Published: 23rd December 2013

Article 4 of EMIR places a clearing obligation in respect of certain OTC derivative transactions.

Generally the obligation does not extend to such transactions between entities that are established in third countries unless (a) they would be subject to the clearing obligation if they were established in the Union and (b) the contract “has a direct, substantial and foreseeable effect within the Union or where such an obligation is necessary or appropriate to prevent the evasion of any provisions of this Regulation”.

ESMA was tasked with developing draft regulatory technical standards (TS) specifying which contracts would fall into the above and has recently published its Final Report containing the draft TS.
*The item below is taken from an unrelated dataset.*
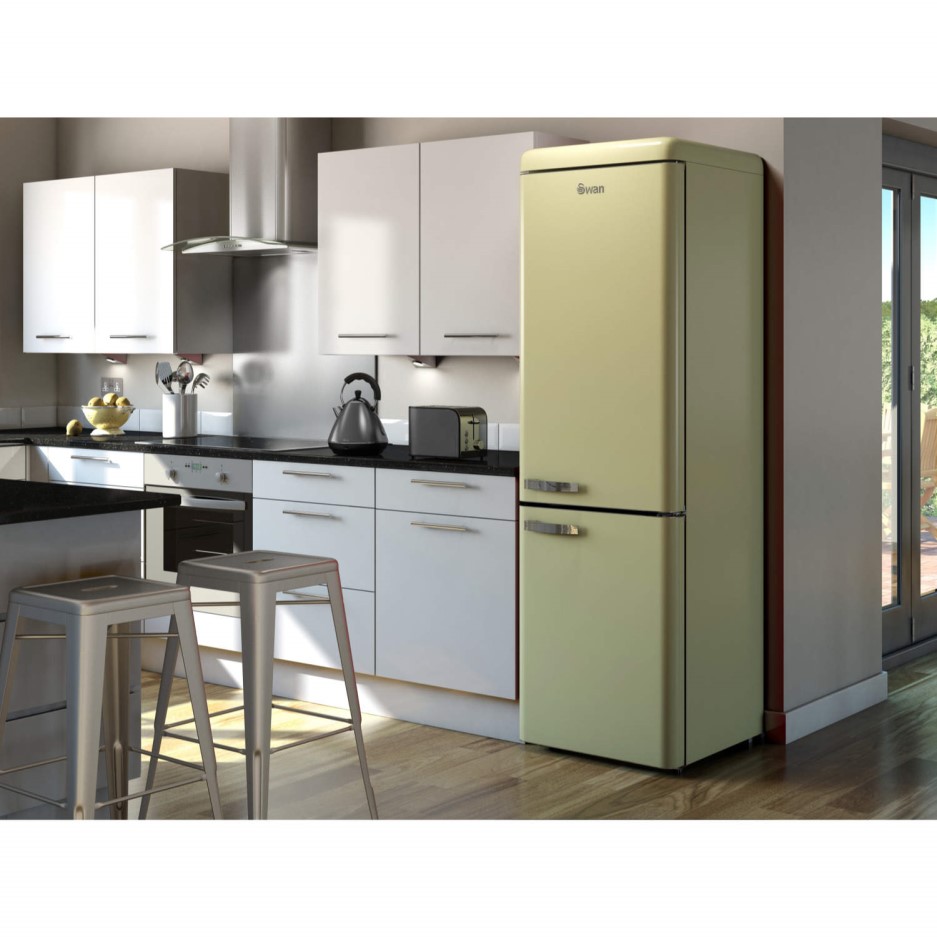 Swan SR11020CN Freestanding Fridge Freezer Cream Appliances Direct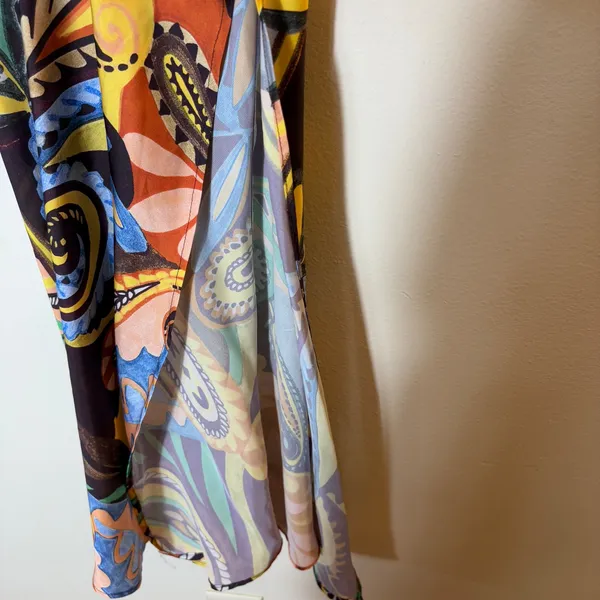Zara Paisley Floral Print One Shoulder‎ Midi Dress Asymmetric Party Size XS - Image 11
The report clarifies that OTC derivative contracts entered into by two counterparties established in one or more non-EU countries, for which a decision on equivalence of the jurisdiction’s regulatory regime has not been adopted, will be subject to EMIR where one of the following conditions are met:

  • One of the two non-EU counterparties to the OTC derivative contract is guaranteed by an EU financial counterparty for a total gross notional amount of at least €8bn, and for an amount of at least 5% of the OTC derivatives exposures of the EU financial guarantor; or
  • The two non-EU counterparties execute their transactions via their EU branches and would qualify as financial counterparty if established in the EU.

Article 3 of the Final Report addresses transactions carried out with the intention of evading the EMIR requirements.

The draft TS were submitted to the European Commission on 15 November; the Commission has three months to decide whether to endorse the final draft which will then have to be submitted to the European Parliament and Council.